What do you all do to manage the settings? I was thinking about just ignoring the stored settings on my Taz 6 and setting them in gcode. I was thinking of setting the esteps and z offset via the startup script for in Cura and Simplify3D. That way I could easily switch between tool heads on a print by print basis.

Have any of you had luck flashing the firmware using Firmware Updater?

I use the OctoPrint plugin Firmware Updater all the time on my TAZ 6. I use the plugin Custom Control Editor and have defined controls to set E-Steps, Z-Offset, Load Settings, Save Settings, etc.

The only issue I have with the Firmware Updater is it doesn’t “remember” URLs for firmware.
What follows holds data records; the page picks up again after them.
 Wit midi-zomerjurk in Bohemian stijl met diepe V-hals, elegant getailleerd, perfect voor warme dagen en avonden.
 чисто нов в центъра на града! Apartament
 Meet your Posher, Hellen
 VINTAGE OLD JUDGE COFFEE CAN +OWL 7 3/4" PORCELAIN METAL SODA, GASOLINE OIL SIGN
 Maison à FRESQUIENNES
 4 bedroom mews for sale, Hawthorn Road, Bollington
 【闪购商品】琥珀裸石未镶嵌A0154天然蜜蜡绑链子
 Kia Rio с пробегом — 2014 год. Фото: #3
Multiple enhancement requests (issues) have been opened.

Modifying the start gcode is also an option. I use both CuraLE and Simplify3D and have modified the start gcode for my Dual Extruder V3 to include M218 commands to set the nozzle offset for both slicers. CuraLE wants to handle the offset in the slicer, S3D prefers to let the firmware handle it. To keep OctoPrint’s GCode Viewer happy, I’ve defined separate Printer Profiles for each toolhead and each Slicer (for the Dual Extruder profiles).

I haven’t had luck with firmware updater over the past few days. I get a checksum error when the printer boots. What settings are you using?

I believe the checksum error is the EEPROM on the printer, do an M501 followed by an M500 and that should fix it (M503 to show settings).